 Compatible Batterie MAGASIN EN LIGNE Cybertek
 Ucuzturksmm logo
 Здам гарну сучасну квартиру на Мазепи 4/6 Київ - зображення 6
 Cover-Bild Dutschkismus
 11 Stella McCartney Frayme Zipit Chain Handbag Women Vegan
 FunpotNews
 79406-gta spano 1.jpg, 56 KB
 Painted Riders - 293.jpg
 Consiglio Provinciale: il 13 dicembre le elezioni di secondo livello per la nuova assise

※ ※ ※

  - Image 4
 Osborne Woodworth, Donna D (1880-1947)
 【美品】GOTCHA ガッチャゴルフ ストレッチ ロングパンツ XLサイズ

※ ※ ※

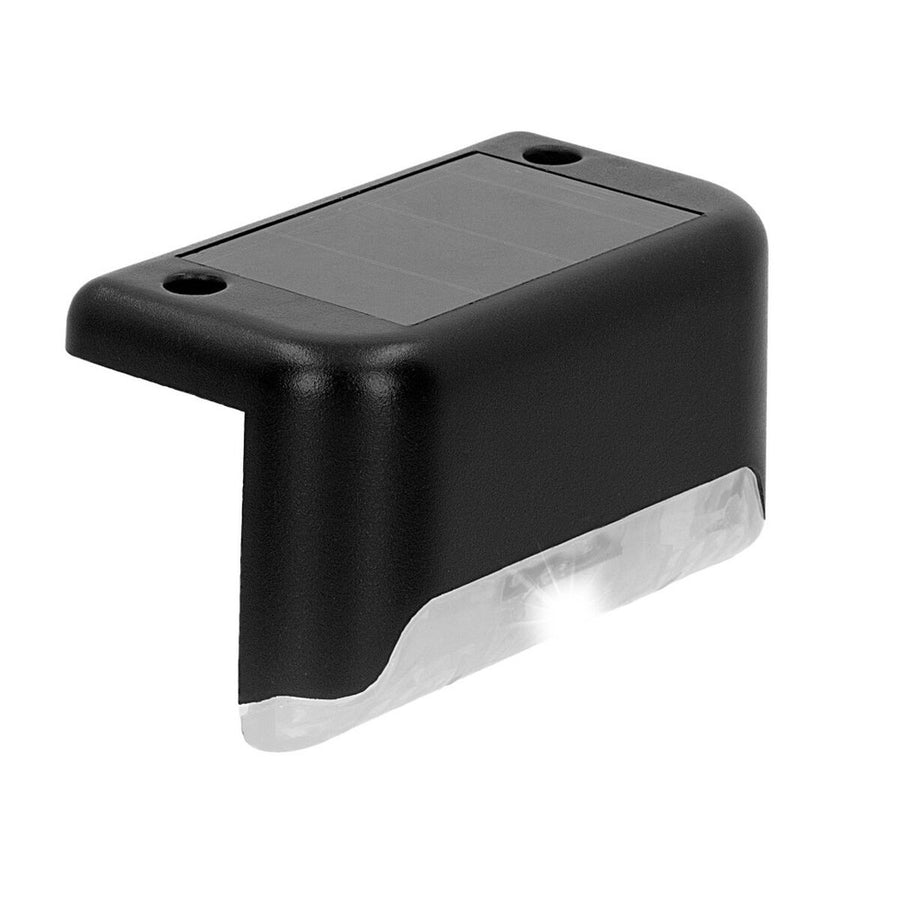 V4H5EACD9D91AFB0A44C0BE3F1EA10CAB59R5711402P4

※ ※ ※

__Work task__
From the listing above, repeat exactly the lines starting at the line that includes "Cover-Bild Dutschkismus" and ending at the line that includes "Consiglio Provinciale: il", with nothing outside that span.

__Output__
 Cover-Bild Dutschkismus
 11 Stella McCartney Frayme Zipit Chain Handbag Women Vegan
 FunpotNews
 79406-gta spano 1.jpg, 56 KB
 Painted Riders - 293.jpg
 Consiglio Provinciale: il 13 dicembre le elezioni di secondo livello per la nuova assise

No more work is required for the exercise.